Lissa Twomey spends two years pursuing the performances that will thrill audiences for just three weeks at the nation’s International Festival of the Arts. Words: Victoria Moss; Photos: Nicola Edmonds.

SIX HUNDRED PEOPLE have gathered in Wellington for the programme launch of the New Zealand International Festival of the Arts. The chatter hushes and the crowd inches forward. Lissa Twomey, the Festival’s Artistic Director, faces them and declares that the Festival has been upstaged. “At One Red Dog restaurant tonight there’s a four-year-old’s birthday party that is, apparently, the hottest act in town,” she says, referring to her daughter Annabel and a party where the main attraction is a cake smothered in pink icing and decorated with sugar butterflies.
Lissa’s life has two distinct parts. As creative head of an international arts festival she jets to theatres and stages across the globe to entice performers to come to New Zealand to dazzle audiences hungry for new international arts. And as mum to Annabel and Jonathan, 10, her life is all about birthday cakes, homework and bedtime stories. An Australian, Lissa thrives on the balance of the two spheres, both equally captivating to her.
Her role with the Festival entails a huge amount of overseas travelling to scout for performers. She’s away for up to a month at a time, two or three times a year. She maximizes every minute on the road by cramming her itinerary with shows and performances and then squeezes in more discovered along the way. “It’s a fantastic job but it’s not a holiday. There is a lot of travelling. It’s a balance we negotiate as a family.”
Lissa and her husband, New Zealand-born Peter Twomey, a project director at engineering services company Beca, maintain that balance through a combination of new technology and good old-fashioned family support. When Lissa is travelling, she phones home every day on Skype and her mother visits from Australia to help maintain household routines. The children also have a nanny. “Of course they miss me sometimes but I’ll often Skype during dinner when we’d normally talk. I tell them what I’m doing and about the shows I’ve seen so they understand why I need to be away from home.”

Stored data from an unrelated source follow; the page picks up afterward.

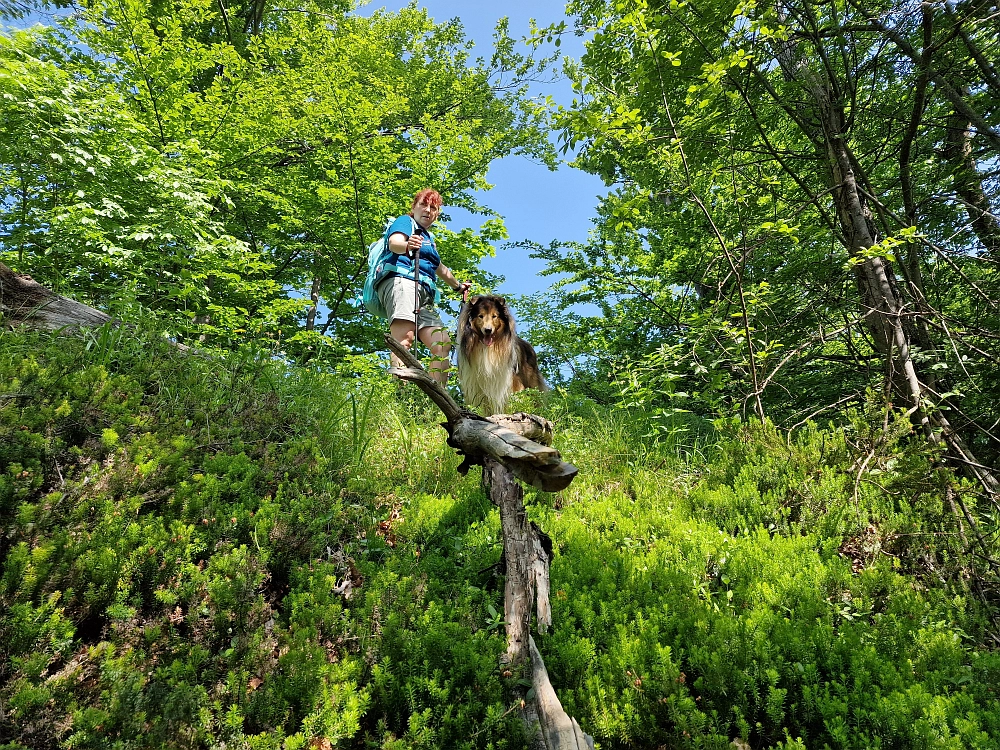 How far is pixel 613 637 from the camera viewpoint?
8.12 feet

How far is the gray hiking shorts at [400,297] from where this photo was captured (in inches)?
209

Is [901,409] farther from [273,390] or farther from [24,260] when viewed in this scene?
[24,260]

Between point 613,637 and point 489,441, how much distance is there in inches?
46.7

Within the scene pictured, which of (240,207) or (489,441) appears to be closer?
(489,441)

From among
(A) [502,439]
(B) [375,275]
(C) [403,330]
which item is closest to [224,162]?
(B) [375,275]

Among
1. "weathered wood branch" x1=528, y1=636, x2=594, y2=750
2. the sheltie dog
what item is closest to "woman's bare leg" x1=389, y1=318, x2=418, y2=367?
the sheltie dog

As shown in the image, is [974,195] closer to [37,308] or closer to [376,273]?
[376,273]

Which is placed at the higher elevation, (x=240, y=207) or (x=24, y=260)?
(x=240, y=207)

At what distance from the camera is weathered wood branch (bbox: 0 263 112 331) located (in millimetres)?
3949

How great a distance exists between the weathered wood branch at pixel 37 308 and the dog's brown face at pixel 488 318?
3462 millimetres

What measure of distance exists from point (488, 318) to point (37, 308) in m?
4.07

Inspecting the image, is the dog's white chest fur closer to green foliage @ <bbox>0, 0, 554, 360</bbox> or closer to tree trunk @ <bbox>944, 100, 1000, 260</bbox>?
green foliage @ <bbox>0, 0, 554, 360</bbox>

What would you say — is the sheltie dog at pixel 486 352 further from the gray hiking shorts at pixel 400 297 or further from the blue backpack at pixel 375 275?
the blue backpack at pixel 375 275

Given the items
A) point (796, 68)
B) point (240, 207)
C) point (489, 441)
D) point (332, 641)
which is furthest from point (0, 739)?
point (240, 207) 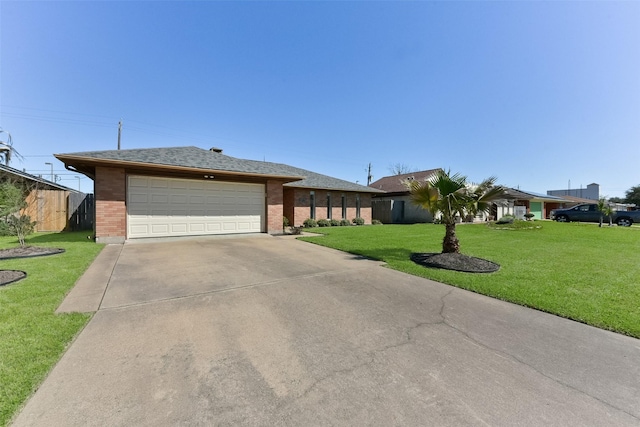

Weekends together are much less structured. “We go on short trips around the country and ride our bikes on the waterfront, but mostly we just chill out together at home in the garden.” Lissa admits their lifestyle here would be difficult to match overseas and she never takes it for granted. In time, she and Peter will embark on new challenges elsewhere, but for now she’s focused on cementing New Zealand’s Festival as one of diversity, innovation and excellence. Every performance she chooses must be outstanding. “Mediocrity is not enough. It has to have some extra magic.”
Her interest in the arts was established early. “As a child I learned dance, drama, music; I was a regular Shirley Temple. I guess some people have a calling to something. It’s just part of who I am.” Arts administration is about more than sparkly lights and sequins. There’s a huge amount of planning and scheduling involved to coordinate hundreds of artists and performers. There’s much that could go awry – schedules don’t match, people become ill, freight is delayed. “There are so many risks. Until the lights go up at the end of the night, I’m nervous. But I wouldn’t want another job. We have a great team and if something goes wrong they spring into action. They are passionate about the Festival, understand the art and know how to support it.”
The atmosphere created during the Festival is a drawcard, especially for the participating artists. “We meet incredible people who go away with a real sense of enjoyment and friendliness, having had a great experience here. It’s a big festival for a little town and it carries a real sense of celebration.”
Perhaps New Zealand’s smaller arts calendar increases audiences’ enthusiasm for the Festival and encourages them to be adventurous in what they see. For Lissa, the fun comes from taking audiences on a journey and surprising them with unexpected experiences. “Over three weeks I will take them into uncharted territory. I’ll give them something they never knew they wanted.”